Utility Functions¶
Utility functions used across the toolkit.
Public methods may be useful in producing new annotators, aggregators, and pipeline methods.
-
dvt.utils.setup_tensorflow()[source]¶ Setup options for TensorFlow.
These options should allow most users to run TensorFlow with either a GPU or CPU. It sets several options to avoid keras taking up too much memory space and ignore a common warnings about library conflicts that can occur on macOS. It also silences verbose warnings from TensorFlow that most users can safely ignore.
-
dvt.utils.process_output_values(values)[source]¶ Take input and create pandas data frame.
This function standardizes the output from annotators and aggregators in order to create the output stored in a DataExtraction object.
Parameters: values – Either a DataFrame object, None, or dictionary object. If a dictionary object, the key should contain lists or ndarrays that have the same (leading) dimension. It is also possible to pass a dictionary of all scalar values. Returns: A list of length one, containing a single DataFrame object or a value of None (returned if and only if the input is None).
-
dvt.utils.pd_col_asarray(pdf, column)[source]¶ Takes a pandas dataframe and column name returns a numpy array.

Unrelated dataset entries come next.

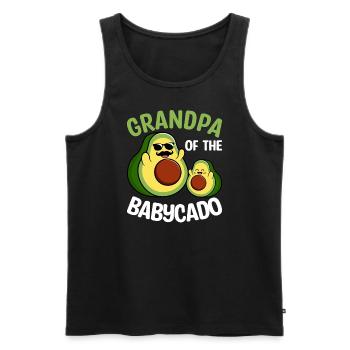 Grand-père de Babycado Guacamole Avocado Lover - Débardeur bio Premium Homme - noir - Devant - Michal (187cm)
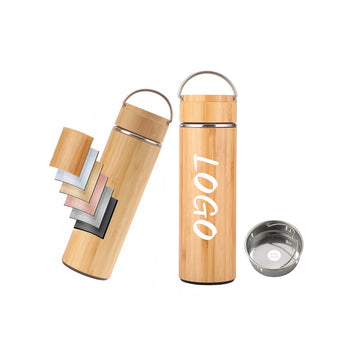 15Oz Bamboo Bottle With Handle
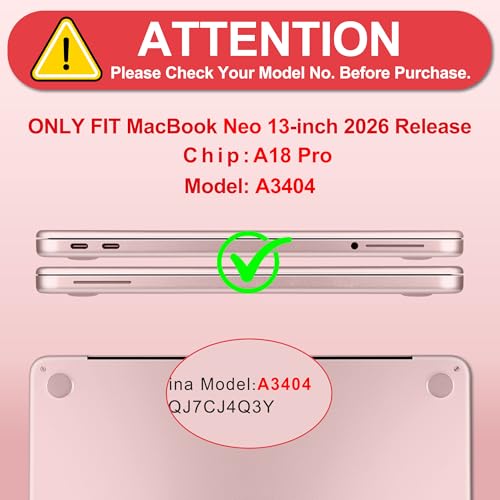 Batianda Case for MacBook Neo 13 Inch 2026 Model A3404, Gold Lotus | 4-in-1 Laptop Accessories Bundle with Golden Lotus Line Art, Ultra Slim Hard Shell for Elegant Minimal Style Users - color: Gold Lotus
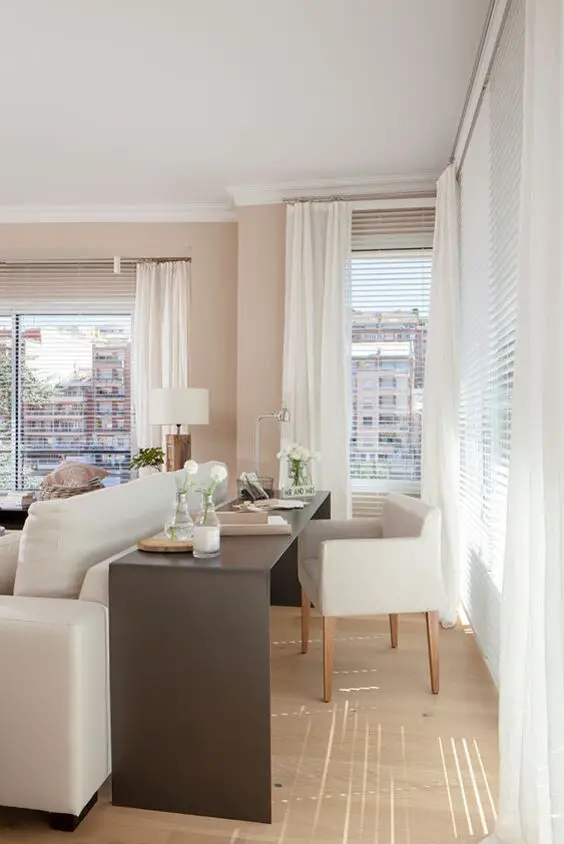 Chic Desks in Living Rooms: Layouts for Modern Homes & Apartments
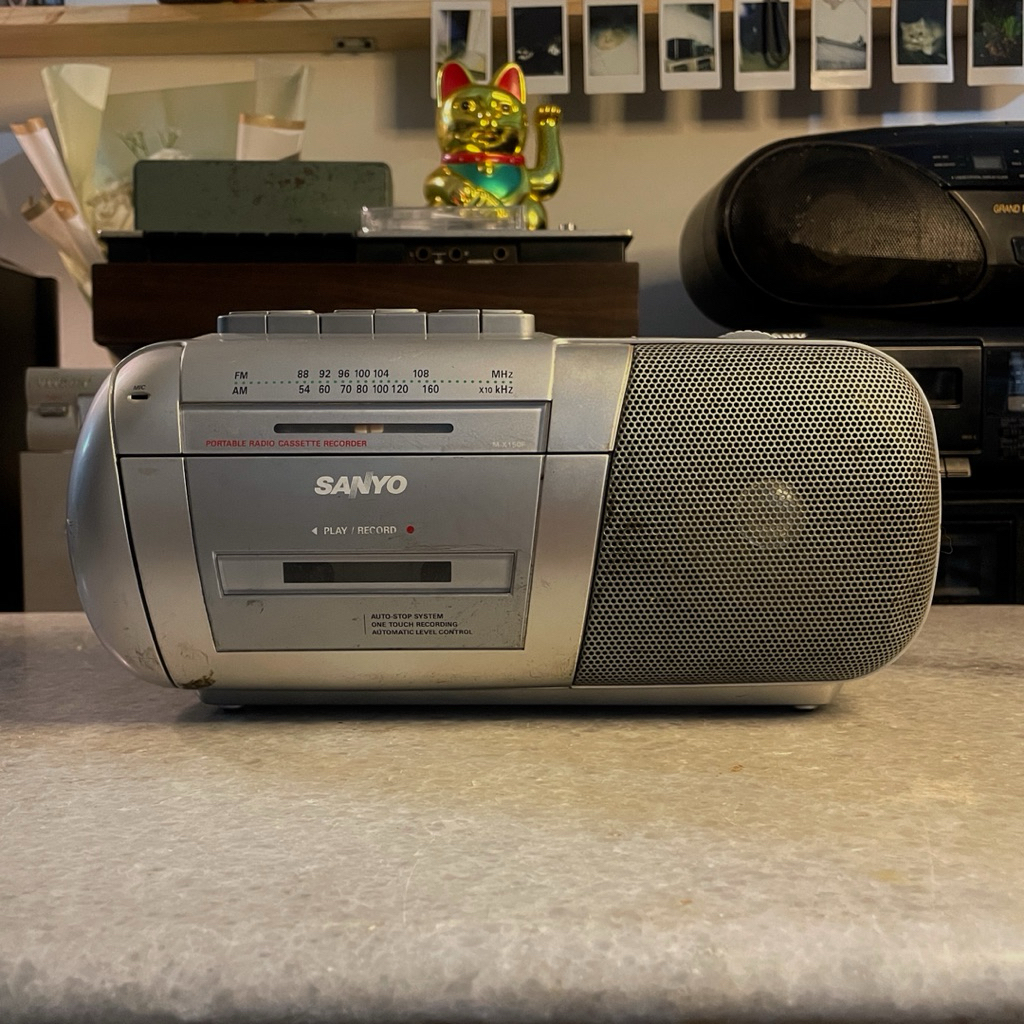 RADIO TAPE MINI COMPO SANYO M-X150F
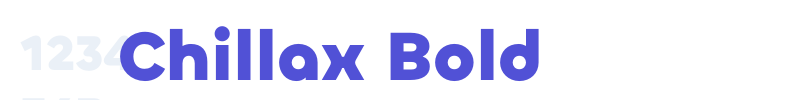 Chillax Bold-font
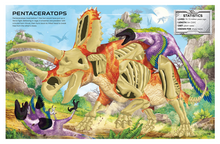 Load image into Gallery viewer, Usborne Build Your Own T Rex & Other Dinosaurs Sticker Book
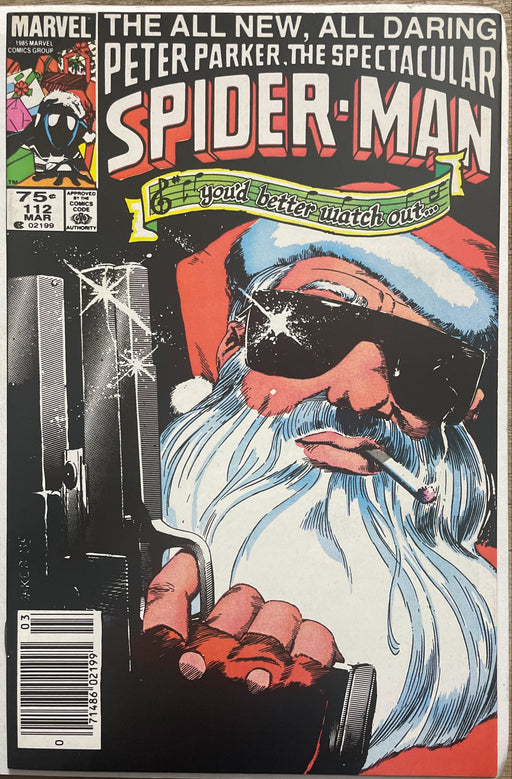 Spectacular Spider-Man #112  Newsstand VF/NM (9.0)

Pandas DataFrame columns cannot store numpy array with more than one dimension. This is a problem for objects such as image embeddings. We instead store these multidimensional arrays a an array of objects. This function reconstructs the original array.

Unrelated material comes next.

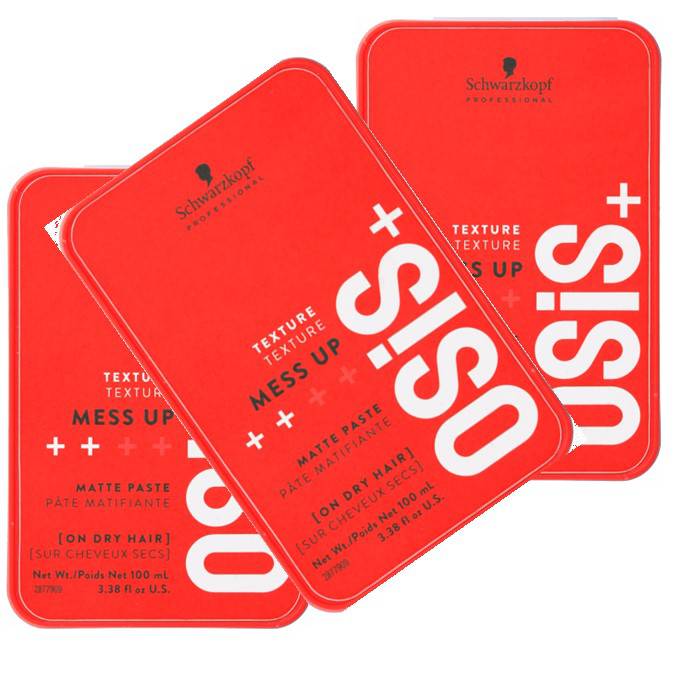 Schwarzkopf Osis + Mess Up Matt Gum Medium Control 100 ml x 3 Styling Matte Paste - Australian Salon Discounters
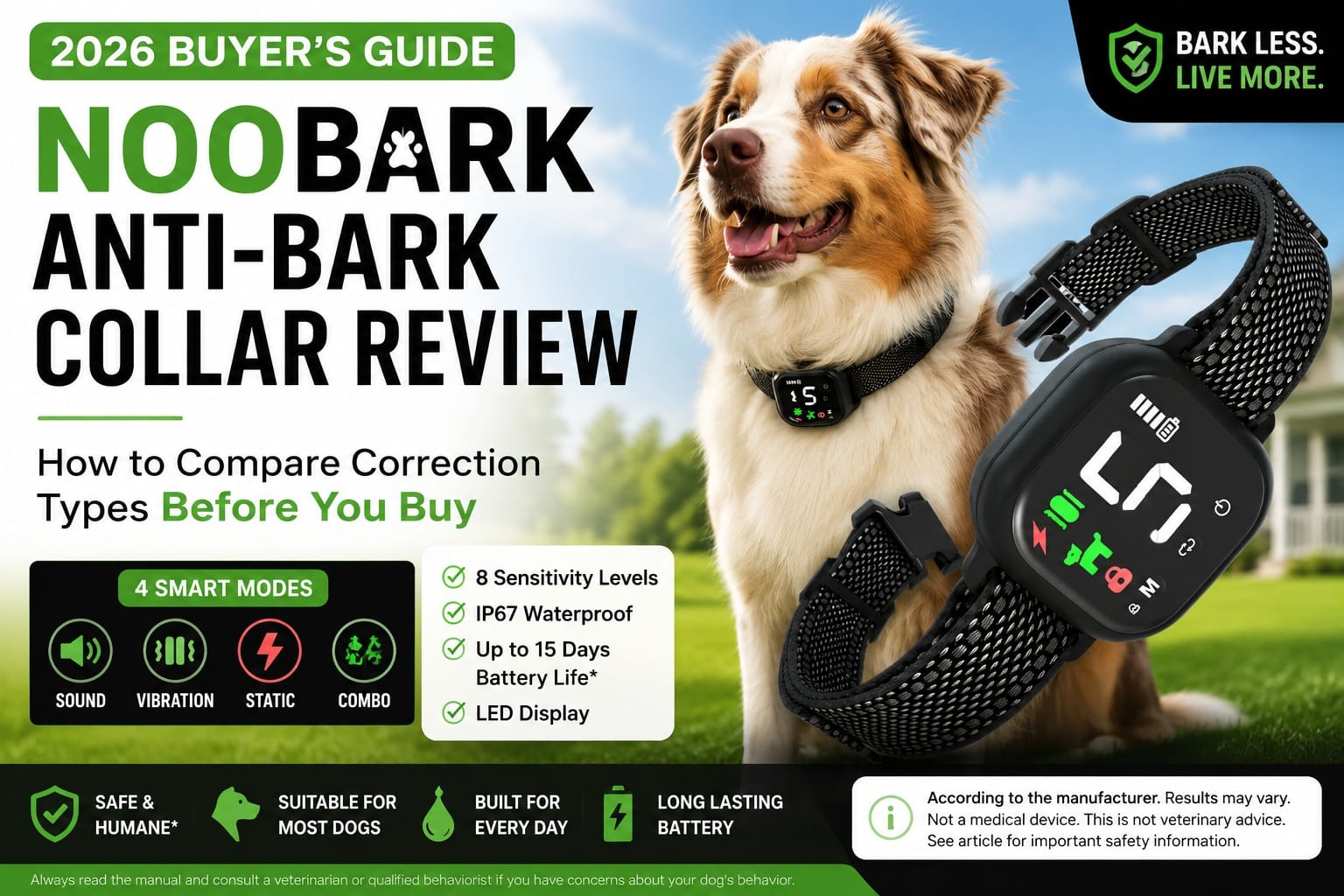 NooBark Anti-Bark Collar Review 2026: What Buyers Should Know Before Ordering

Parameters: - pdf (DatFrame) – the pandas DataFrame from which to extract the column.
- column (str) – Name of the column to extract as a numpy array.
-
dvt.utils.sub_image(img, top, right, bottom, left, fct=1, output_shape=None)[source]¶ Take a subset of an input image and return a (resized) subimage.

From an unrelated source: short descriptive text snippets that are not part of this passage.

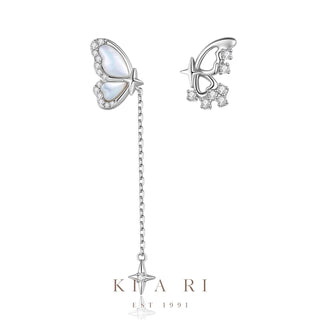 Yun-Soo Mismatched Butterfly Earrings 🦋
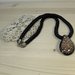 Girocollo con vetro di Murano - Ciondolo in vetro di Murano - perle di Murano - collana con vetro di Murano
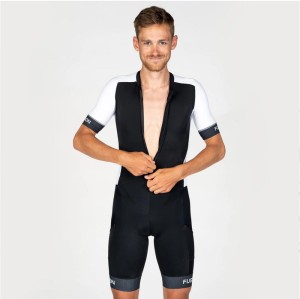 Fusion Speed Suit - strój triathlonowy czarno żółty unisex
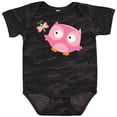 thumbnail image 3 of Inktastic Pink Owl and Butterfly Girls Baby Bodysuit, 3 of 5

Parameters: - img (numpy array) – Image stored as a three-dimensional image (rows, columns, and color channels).
- top (int) – Top coordinate of the new image.
- right (int) – Right coordinate of the new image.
- bottom (int) – Bottom coordinate of the new image.
- left (int) – Left coordinate of the new image.
- fct (float) – Percentage to expand the bounding box by. Defaults to 1, using the input coordinates as given.
- output_shape (tuple) – Size to scale the output image, in pixels. Set to None (default) to keep the native resolution.
Returns: A three-dimensional numpy array describing the new image.